Data section:
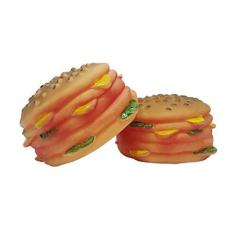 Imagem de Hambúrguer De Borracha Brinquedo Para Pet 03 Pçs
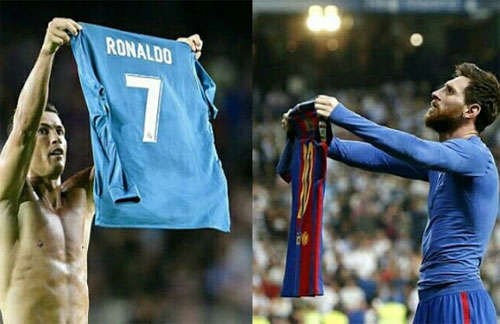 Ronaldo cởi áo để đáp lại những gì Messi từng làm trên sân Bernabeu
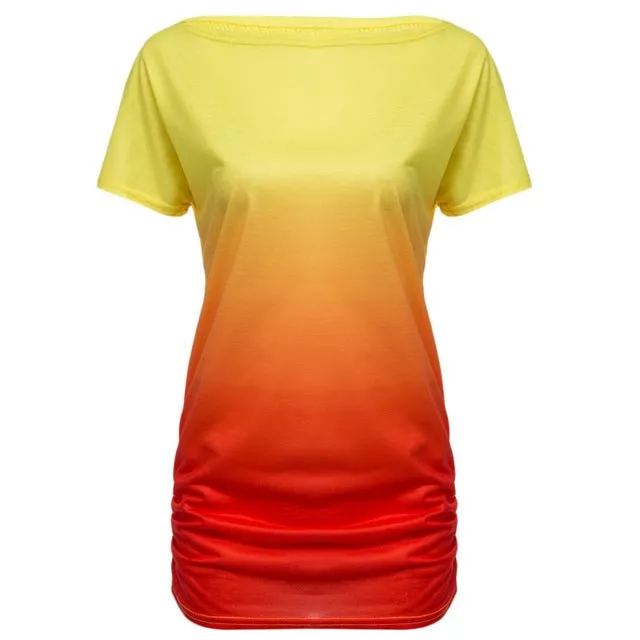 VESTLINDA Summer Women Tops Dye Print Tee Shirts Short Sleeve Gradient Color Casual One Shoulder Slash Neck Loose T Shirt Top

Work item: Every line of the data above is to be set down word for word, with the pictures left out.

Reply:
 Imagem de Hambúrguer De Borracha Brinquedo Para Pet 03 Pçs
 Ronaldo cởi áo để đáp lại những gì Messi từng làm trên sân Bernabeu
 VESTLINDA Summer Women Tops Dye Print Tee Shirts Short Sleeve Gradient Color Casual One Shoulder Slash Neck Loose T Shirt Top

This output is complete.